Other than that, we do not
require any particular coding style.
However, whatever coding style you choose must meet these constraints:
-
Code you submit should be accepted by the appropriate compiler
without errors or warnings
-
Your code should not wrap when displayed in 80 columns.
and it must not contain TAB characters.
(Why
this stuff matters and how to deal with it.)
-
All submitted code must obey the offside rule, as
explained below.
The offside rule comes into play when a definition, declaration,
expression, or statement (which I'll call a construct) has to
be split across multiple lines of code.
Roughly speaking, it says that when you split a construct,
later lines have to be indented with respect to the beginning of the
construct.
They may never be "outdented" to the left.
The rule is based on the start of the construct, not the
start of the line.
Here's the rule given more precisely:
Code respects the offside rule if and only if whenever the first token
of a construct appears in column i, every other token appears in a
column greater than i.
Using Lisp syntax, the rule is very easy to interpret: any token
enclosed in parentheses must appear to the right of the opening
parenthesis.
Here's an example of code that violates the offside rule:
(define gcd (m n)
(begin (while (!= (set r (mod m n)) 0)
(begin
(set m n)
(set n r)))
n))
The problem is with the second
begin: it is part of the body
of the
while loop, so it should appear to the right of the
while.
Here is the same function formatted in a way that respects the offside
rule:
(define gcd (m n)
(begin
(while (!= (set r (mod m n)) 0)
(begin
(set m n)
(set n r)))
n))
And here is the some function formatted more compactly.
I can't say I like the layout, but it does
respect the offside rule:
(define gcd (m n) (begin
(while (!= (set r (mod m n)) 0)
(begin (set m n) (set n r)))
n))
Here is a C declaration that violates the offside rule:
static Valuelist evallist(Explist el, Valenv globals, Funenv functions, Valenv
formals);
The problem is in the declaration of the last parameter:
formals appears to the left of the first token,
Valenv.
This code was created by a computer program that squeezes wide code
into 80 columns but may violate the offside rule.
A more clever program, or a human being, might format the code like
this:
static Valuelist evallist(Explist el, Valenv globals, Funenv functions,
Valenv formals);
which respects the offside rule.
A
contract is a form of documentation for
functions.
A function's contract
relates the values of variables and other machine state at exactly
two points in time:
- The point at which the function is called
- The point at which the function returns
Functions that do not refer to global variables or to mutable state on
the heap have exceptionally simple contracts.
(This simplicity is one reason people like them.)
As an example, a function to compute the greatest common denominator of
two natural-number arguments
m and
n might
say simply:
Returns the largest integer that evenly divides both m and n.
Such a contract is so simple that
putting this contract in a
comment would be considered bad style, because the contract
should be evident from the function's name.
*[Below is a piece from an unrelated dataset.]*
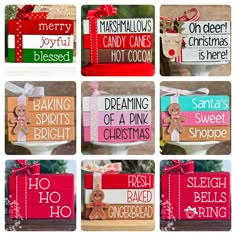 six different christmas signs with gingerbreads and sayings on them, all decorated in red, green, white, and pink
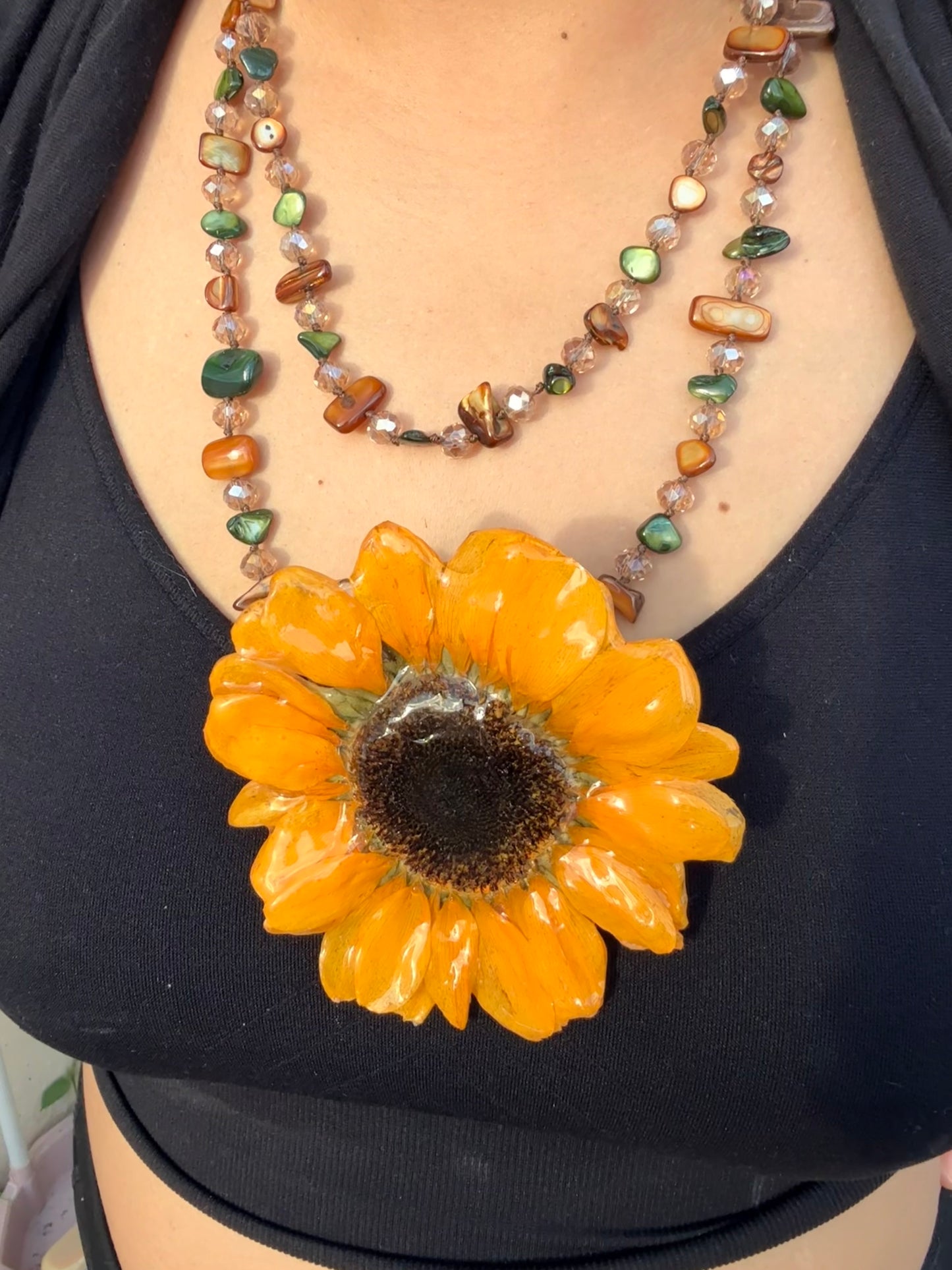 Golden Sunflower 2-in-1 Necklace & Hair Clip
Another example of a contract would be for a
sort function:
Takes a list of integers ns and returns a new list containing
the same elements as the argument list, but in nondecreasing order.
Here, some documentation of the contract is necessary, because the
name of the
sort function alone does not tell you what the
sort order is.
Here is an example of documentation that is not a contract:
The function walks through the tree and at each step checks to see
if the node contains a prime number.
If not, it checks the left subtree and the right subtree for prime
numbers.
There are some signs that something is very wrong:
- The documentation says nothing about what the function returns.
- The documentation contains a narrative description of an algorithm,
i.e., a computation that evolves over multiple points in time.
- The algorithm being described is almost impossible to write a
contract for. Probably the author intended to implement a different
algorithm.
Here is a good contract for a related algorithm:
Takes as argument a binary-search tree full of integers, and returns
the smallest prime number in that tree,
or if the tree contains no prime number, returns -1.